Since I have lived in Hawaii for over two decades, I have come to appreciate and respect the mature hula dancers who possess knowledge of the history combined with Hawaiian life experience. Sure, a foreigner can come and attempt to grasp the depth and meaning of this form of dance, and give their limited interpretation, but only a true Hawaiian can dance the hula in a way that will transport you to another place and time.
Even the small children can delight with an ‘uwehe or ‘ami (hula dance steps), but a master of the hula will understand the physics and possess the mana (life force) to interpret the hula correctly. I took hula lessons at one time, and thought I became quite good at it, but realize now that I had only begun to truly learn the art of hula.
It takes many years for a person to be respected enough to be called a kumu hula (master hula teacher). Usually a kumu hula has been instructed over a course of years by another master teacher. They have spent hours learning the history, commitment, grace, dedication, protocol, skills and abilities required for proper execution.
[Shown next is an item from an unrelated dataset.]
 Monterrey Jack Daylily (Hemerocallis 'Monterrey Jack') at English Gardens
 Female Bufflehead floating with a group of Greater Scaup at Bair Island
Each year the Merrie Monarch Festival is held in Hawaii, keeping the art and culture of the hula alive. Master hula instructors work the whole year to present ancient and modern dances. Traditional as well as elaborate costumes are created for the competition. It perpetuates the honor and status of the kumu hula. At this festival, you can observe groups of men, women and children dancing in precise unison after months of practice and dedication.
Some of my granddaughters have been taking hula lessons, and are part Polynesian. I am always excited and happy to watch their performances. They learn many great attributes including self-confidence, a sense of community, and grace they may not learn elsewhere.
There are a few Hawaiian ladies in our community who are willing and able to perform a hula without any advance warning. They exude love and what I think the true meaning of aloha is. I am equally in awe as I watch a wrinkled old Hawaiian woman effortlessly performing the hula with grace and dignity.